The worsening lot of the peasantry in the Punjab, which is largely made up of Sikhs, has undoubtedly
contributed to the development of Punjab nationalism.
A Second Revolution
There are two options available for getting out of the crisis of food production in the Punjab. One is to continue
down the road of further intensification; the other is to make food production economically and ecologically
viable again, by reducing input costs. The Indian government appears to have adopted the former strategy,
seeking to solve the problems of the first Green Revolution by launching a second. The strategy and rhetoric are
the same; farmers are being encouraged to replace the "old technologies" of the first revolution with the new
biotechnologies of the second; and to substitute wheat and rice grown for domestic consumption with fruit and
vegetables for the export market. The production of staple foods is being virtually ignored.
Organic farming is one of the solutions, but the government agencies are not doing much to assist the farmers
in this area, or to provide awareness, and most of the farmers are themselves reluctant to go back to the old
ways as it gives them a lower yield in the beginning.
The government agencies should get to work and send health inspectors to these villages to counsel and train
the farmers on the use of pesticides. If we are contemplating organic farming as an option, farmers should get
proper assistance. In addition, the government should conduct raids and keep a check on the growth of
unauthorized dealers selling adulterated pesticides, which prove to be more lethal than unadulterated
pesticides. However, the government alone is not to bear the sole responsibility. I believe the pesticides
companies also have a corporate and a moral responsibility to spread awareness and to educate the farmers on
the safe use of pesticides. It should be a joint effort of the government and the private companies, only then can
we hope to achieve some progress. It is very important to wear protective clothes while spraying insecticides,
pesticides and herbicides.
Lessons to learn
Therefore today when India needs another Green Revolution it must be ensured that the mistakes of the first
Green Revolution are not repeated. The second Green Revolution that the country today requires to bring the
farmers out of the perennial agricultural crisis which has led to over three lakh farmers committing suicide in the
last two decades, must be a Rainbow Revolution focusing on both crop and non –crop options and also
accompanied by such other revolutions like the White Revolution (milk), Blue Revolution (fish) and Pink
Revolution (meat).

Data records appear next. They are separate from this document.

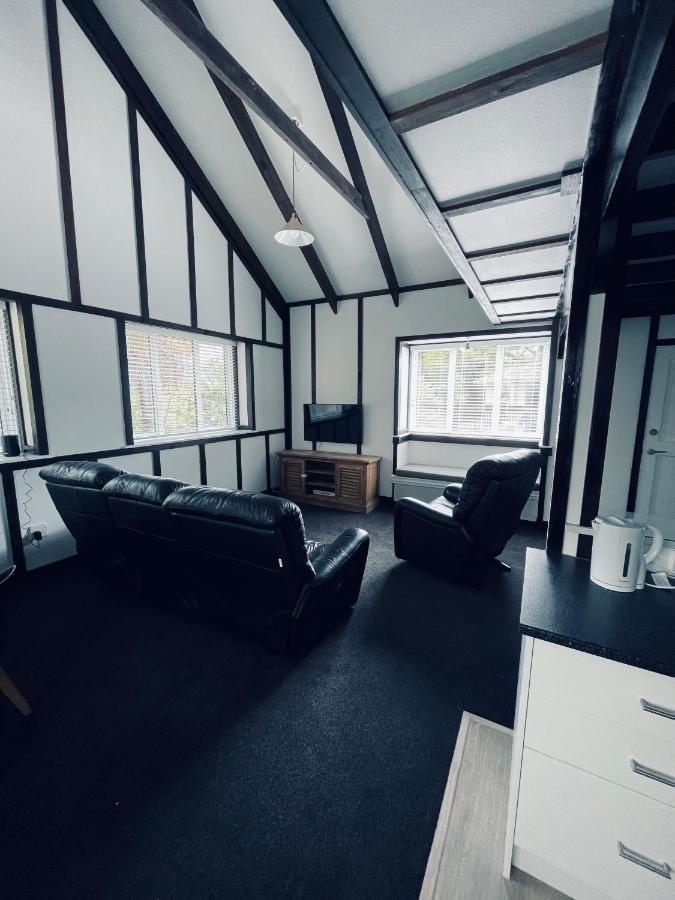 Experience Heritage, Live Modern Upper Hutt Exterior photo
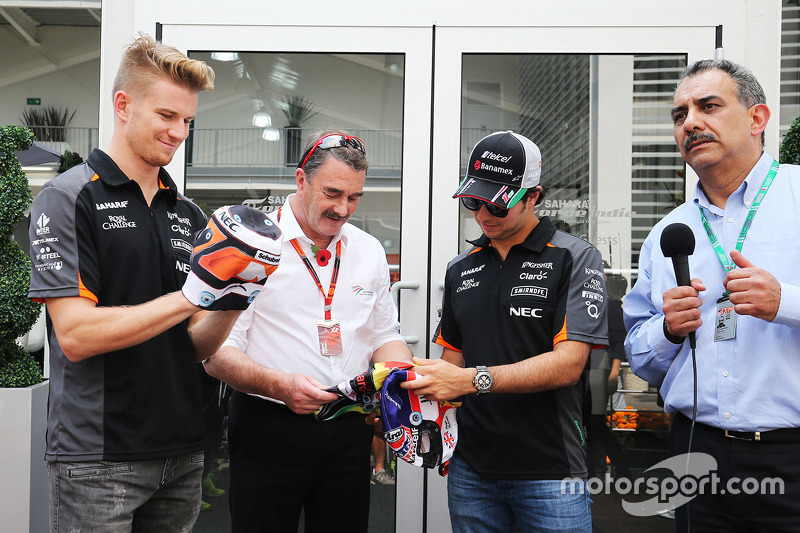 Nico Hulkenberg, Sahara Force India F1 con Nigel Mansell y Sergio Pérez, Sahara Force India F1 con máscaras de lucha libre mexicana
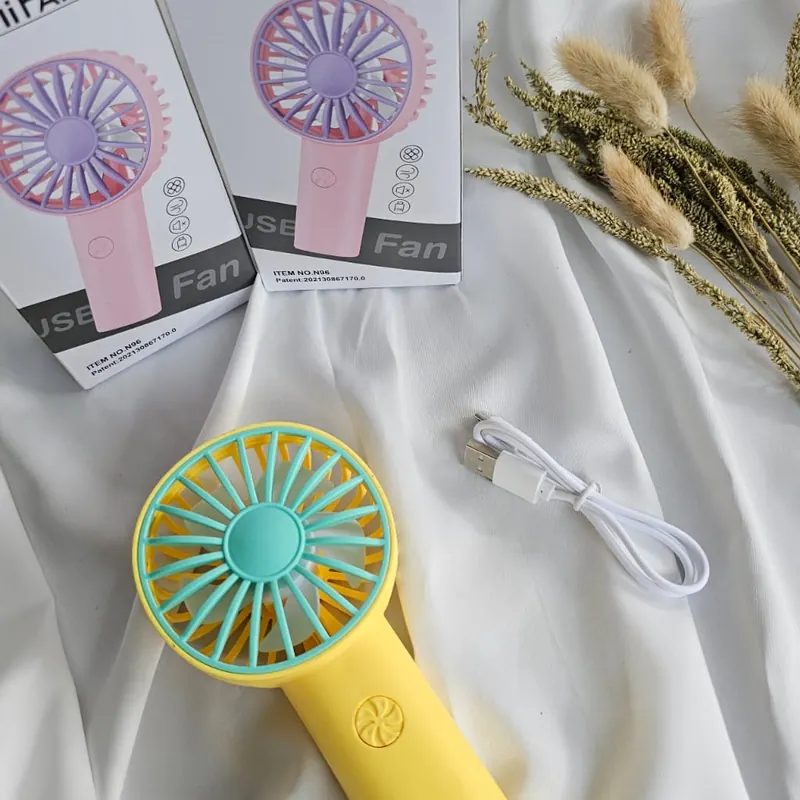 Kipas Angin Mini Portable Genggam USB CAS Motif Polos Kencang Tahan Lama Premium Quality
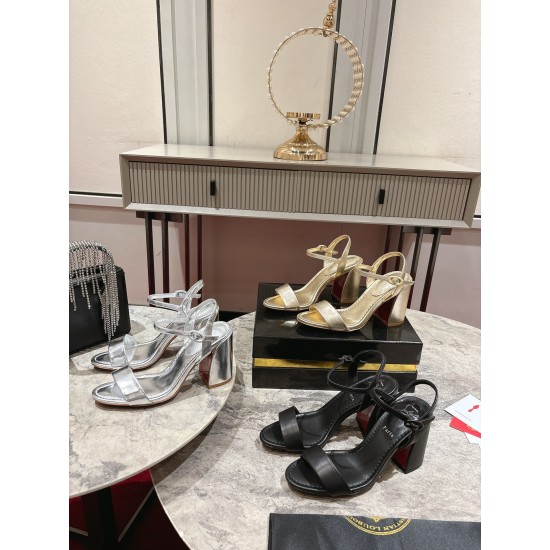 CL Collection Shoes Best Quality
Women 35-41
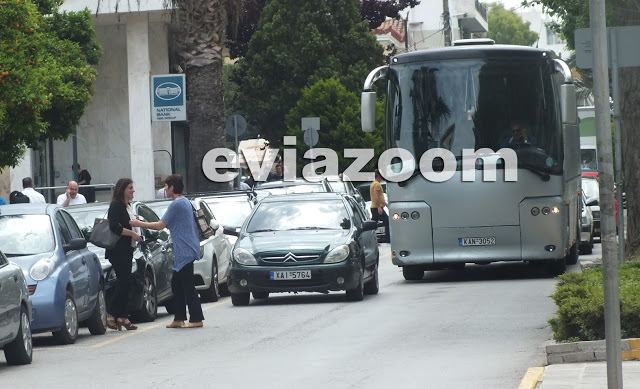 Χαλκίδα: Όχημα της αστυνομίας «φράκαρε» την κυκλοφορία έξω από τα Δικαστήρια (ΦΩΤΟ) - Φωτογραφία 2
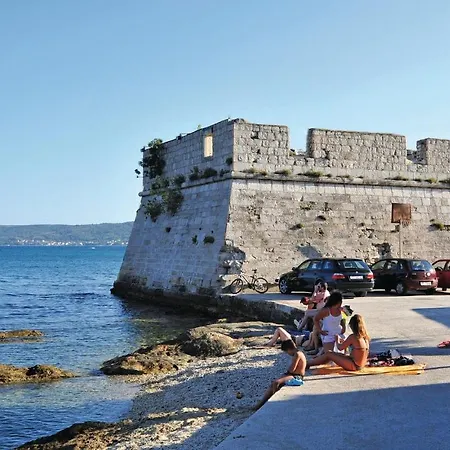 Appartement Amazing In Kastel Stafilic With Wifi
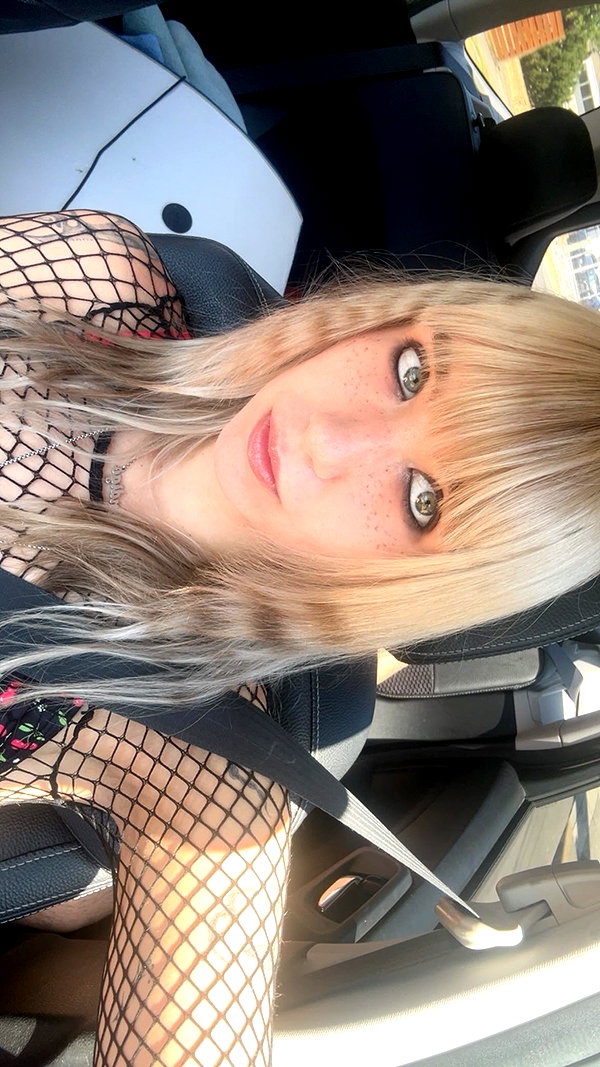 boxdyeblonde instagram image archive image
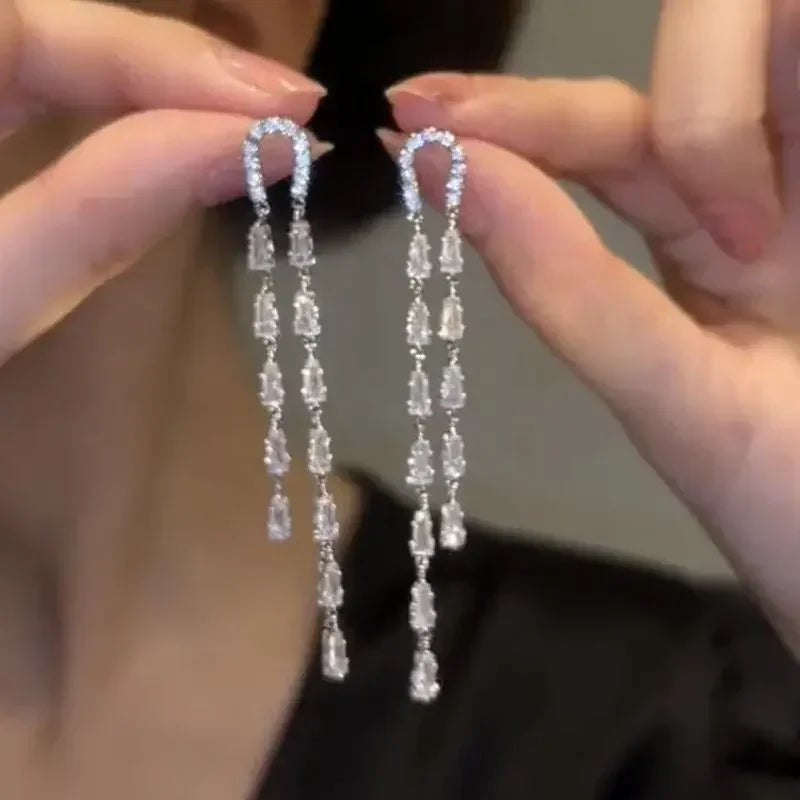 Elegant Crystal Drop Earrings for Bridal - Fashion Dangle Jewelry for party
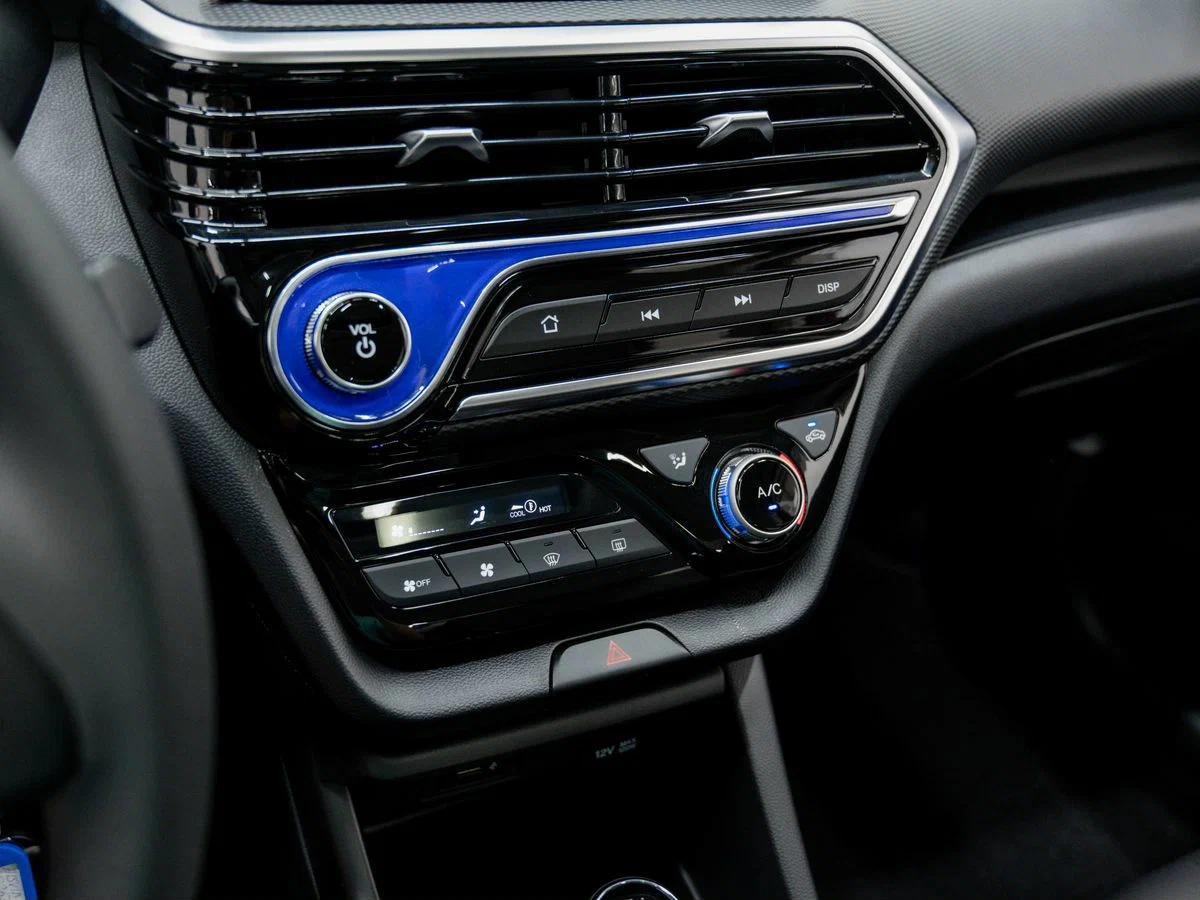 фото автомобиля 7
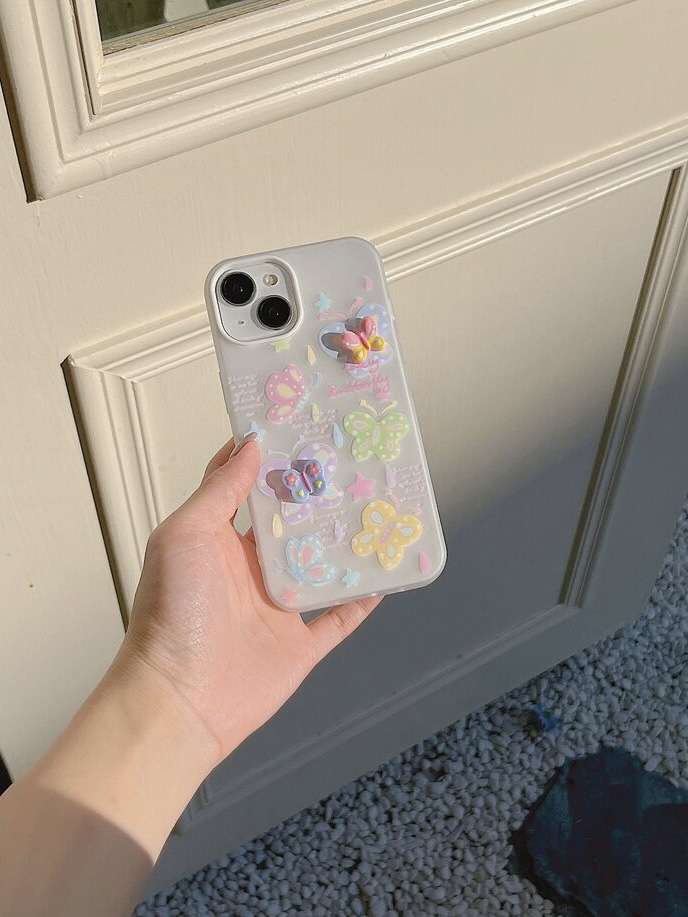 3D Renklı Kelebek İphone Kılıfı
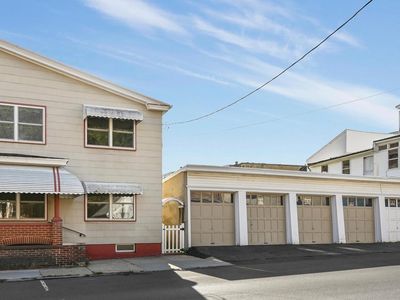 17 N 4th St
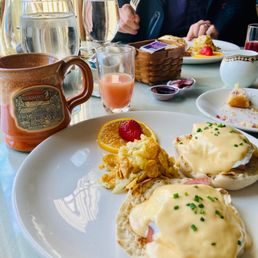 Complimentary breakfast, made to order, fresh and delicious! Complimentary breakfast, made to order, fresh and delicious!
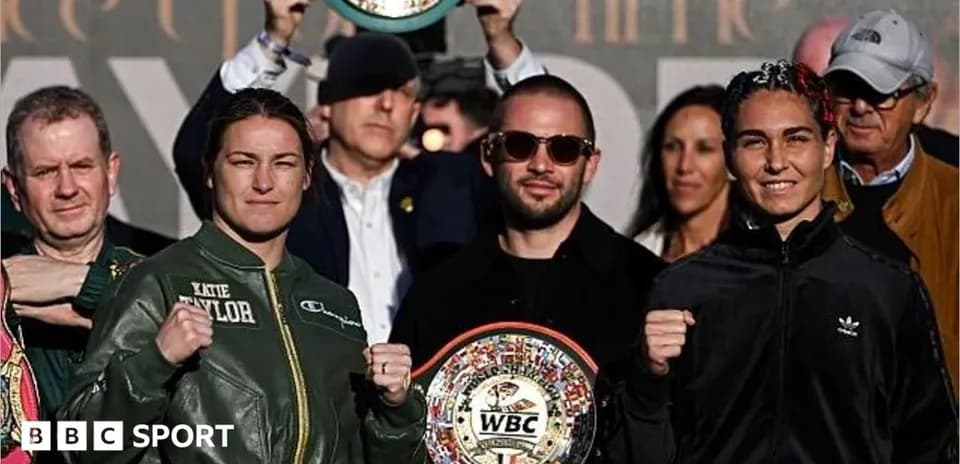 Katie Taylor y oponente en evento de pesaje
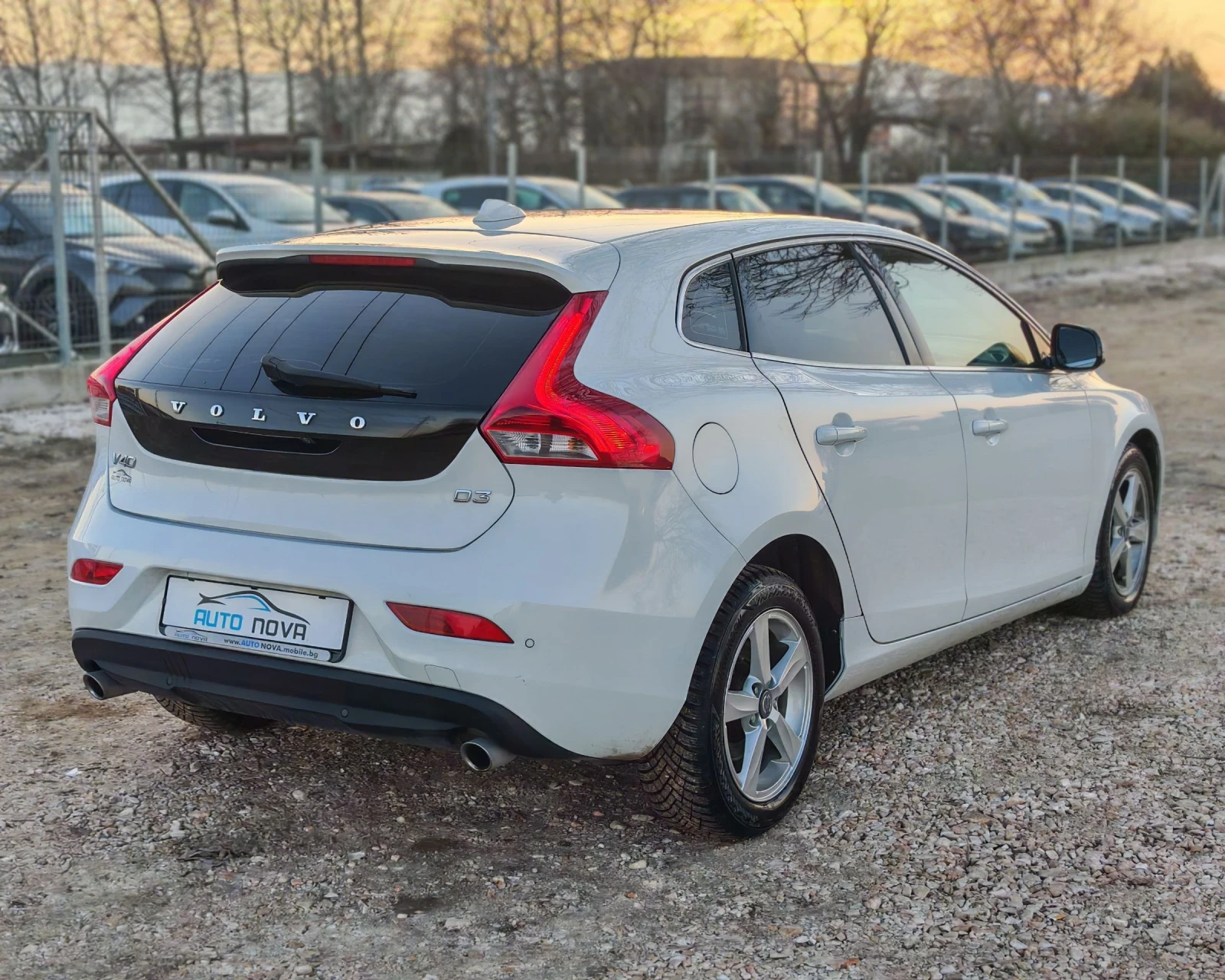 Volvo V40 2.0 ДИЗЕЛ 150 К.С.АВТОМАТ! УНИКАЛНО СЪСТОЯНИЕ!!! - изображение 5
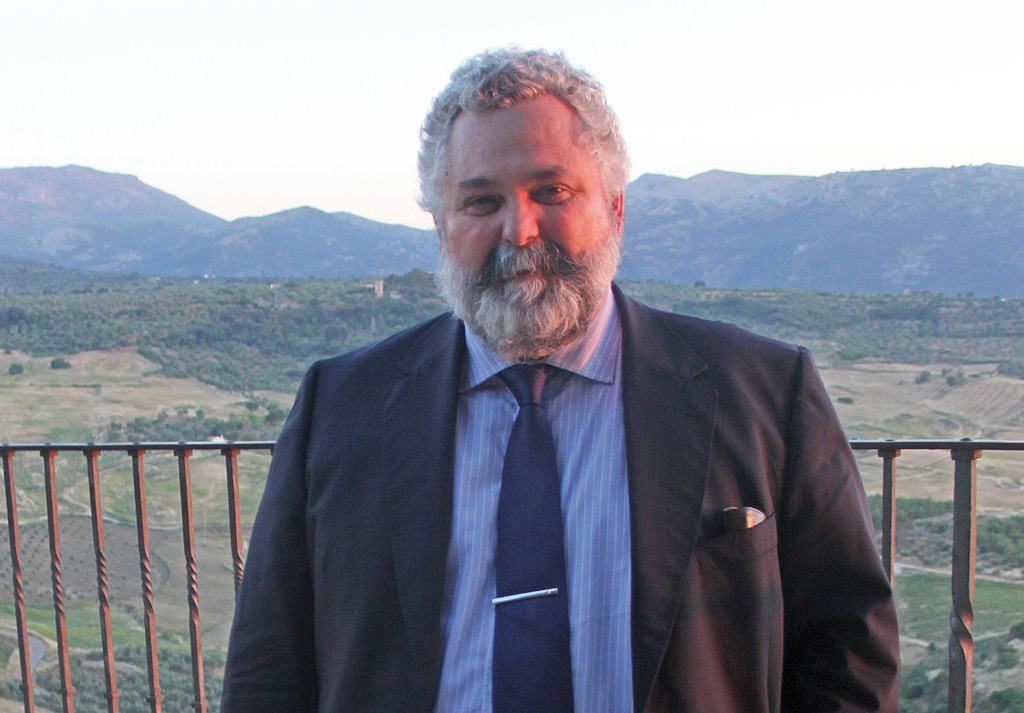 Jesús Mª García Calderón, en los balcones del Tajo.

The definition of modernization needs to be broadened while the land reforms which are a
pre-requisite must focus on qualitative factors such as addressing land degradation, soil salinization etc. Thus,
the need of the hour is to focus not just on expanding agriculture or increasing the productivity but on making
agriculture sustainable.
As countries became self-sufficient in food, government investments declined in the agricultural sector and in
science and technology across the region. This reflects a worldwide trend toward declining public investments in
the rural sector and in agricultural research and development (R&D), nationally and internationally. In Asia,
private sector investments in the rural sector and related R&D have concentrated on export commodities.
The downward trends in public investments by governments and development agencies in smallholder
agriculture over the past decade have not been matched by a concomitant rise in private investments. Similarly,
there is little (and few incentives for) private R&D on the food crops, livestock, fisheries, and aquaculture
systems important for food security and poverty reduction in rural Asia.